The Daughter

The_Daughter_(2015_film)_POSTER***1/2 out of five)

Simon Stone’s adaptation of his stage adaptation of Ibsen’s The Wild Duck tosses out the metaphorical title and tells us straight who this story is about. She’s played by Odessa Young, brilliantly, and a huge part of the enjoyment of this film is watching a star being born in front of your eyes.

Young has previously appeared in Looking for Grace, and based on that and her performance here, I can safely predict her dance card will be full for many years, and will include waltzes with Hollywood. She’s astonishingly present as Hedwig (Ibsen eh!), the daughter of logger Oliver (Ewen Leslie), who re-unites with his old mate Christian (Paul Schneider) to nobody’s benefit.
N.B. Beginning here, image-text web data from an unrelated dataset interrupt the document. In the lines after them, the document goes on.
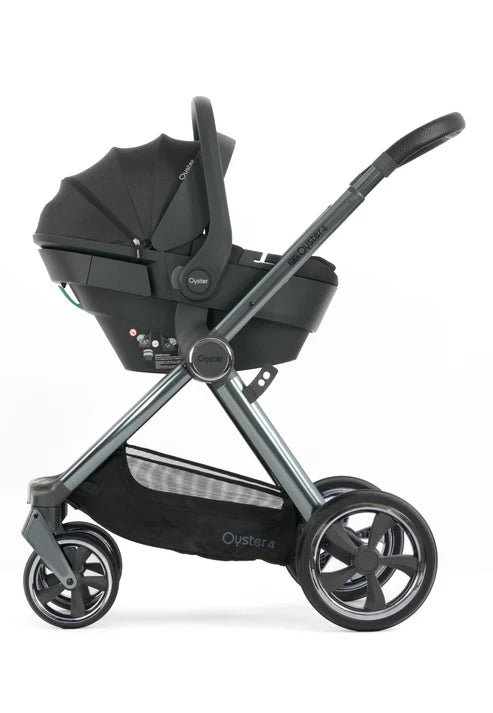 Babystyle Oyster 4 Essential 360 Travel System Bundle - Carbonite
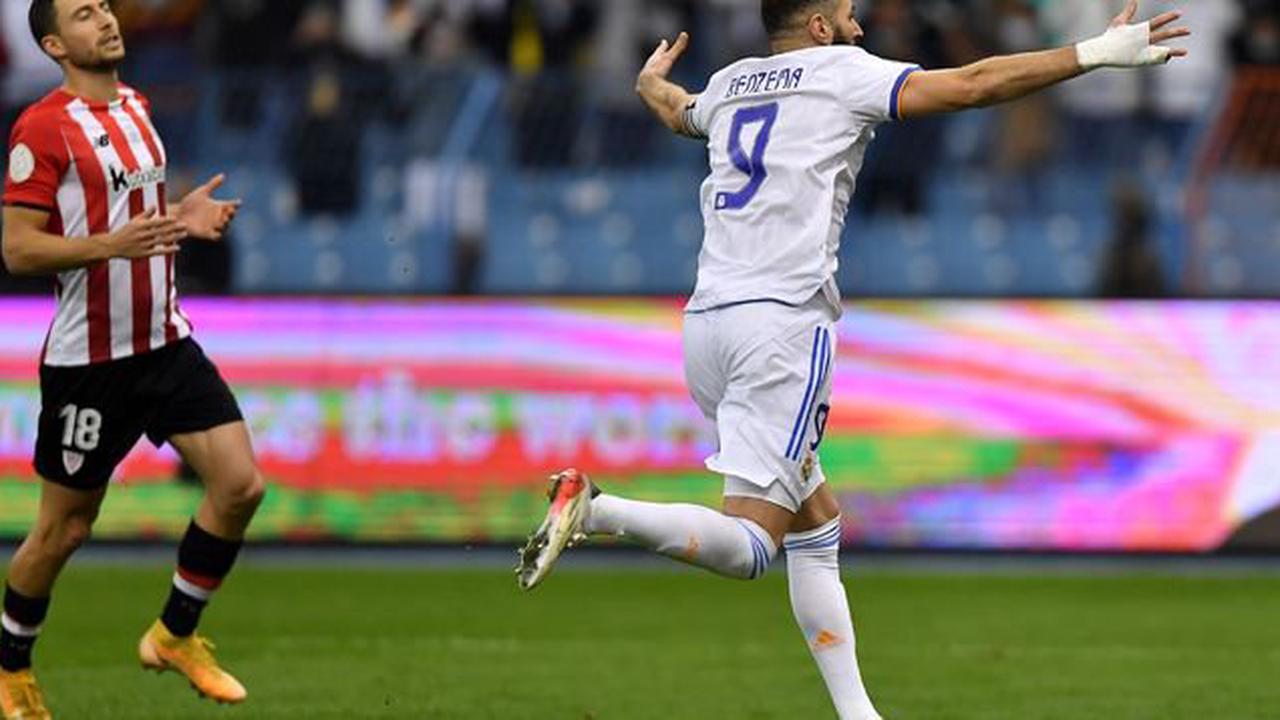 Foot: Benzema, royal, porte le Real Madrid vers sa 12e Supercoupe d'Espagne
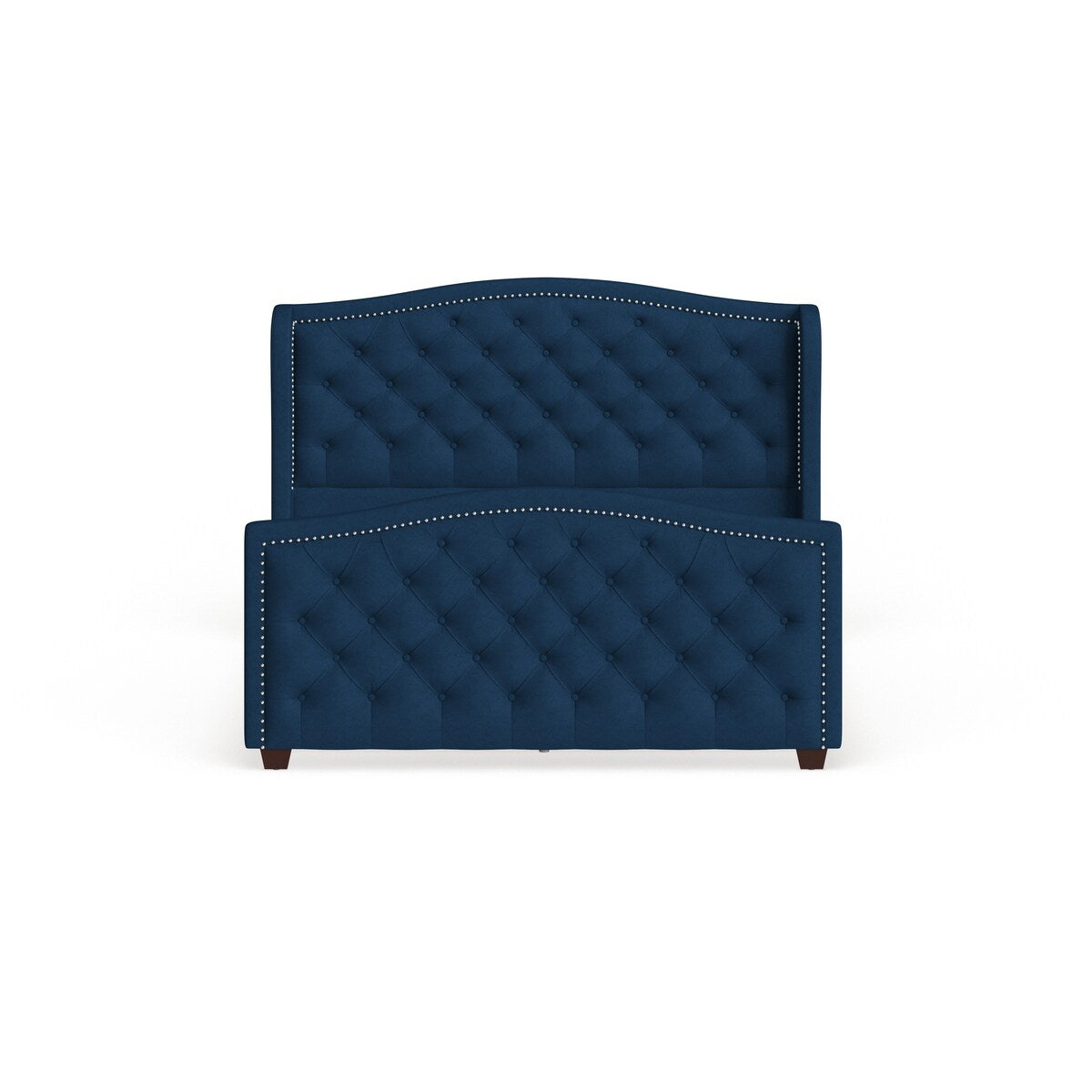 Gracewood Hollow Follett Tufted Wingback Upholstered Bed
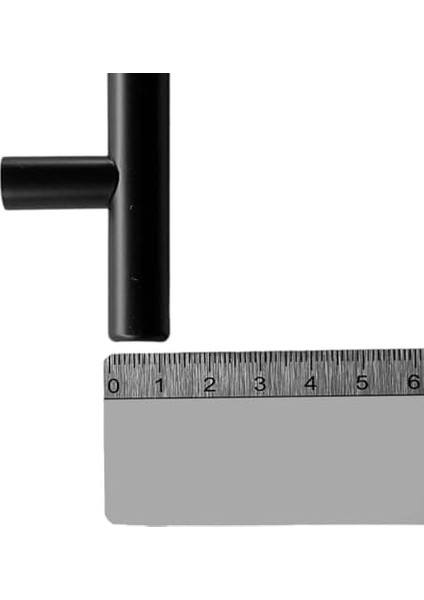 Mutfak ve Dolabı Kapakları ve Çekmeceler Için Metal Kulp Paslanmaz Mobilya Dolap Kulbu 128MM Mat Siyah 2 Adet modelleri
The many lives thrown off-kilter by Christian’s return to Oz from the US include characters played by Geoffrey Rush, Sam Neill, Miranda Otto and Anna Torv. They’re all solid, but it’s Young, Leslie and Schneider’s show, and they’re all excellent. Leslie, playing against his urbane type, is stunning, making a bunch of really tricky character maneuvers seem effortless. And Schneider, having experience with a couple of Antipodean films and filmmakers (he was in Jane Campion’s Bright Star and Andrew Dominik’s The Assassination of Jess James by the Coward Robert Ford) is believable as an Americanised Aussie – not a natural role for anyone.

It’s really inspiring that in a film with so many brilliant old-timers, it’s the young ones who impress, and the youngest the most. Stone is a young man making his feature debut, and he certainly breathes youthful energy into an old story, while also giving the whole thing a very Euro feel. It’s beautifully shot, too. Perhaps the least interesting thing about it is the actual story, which makes sense: I’d see this film over a stage production of Ibsen any day.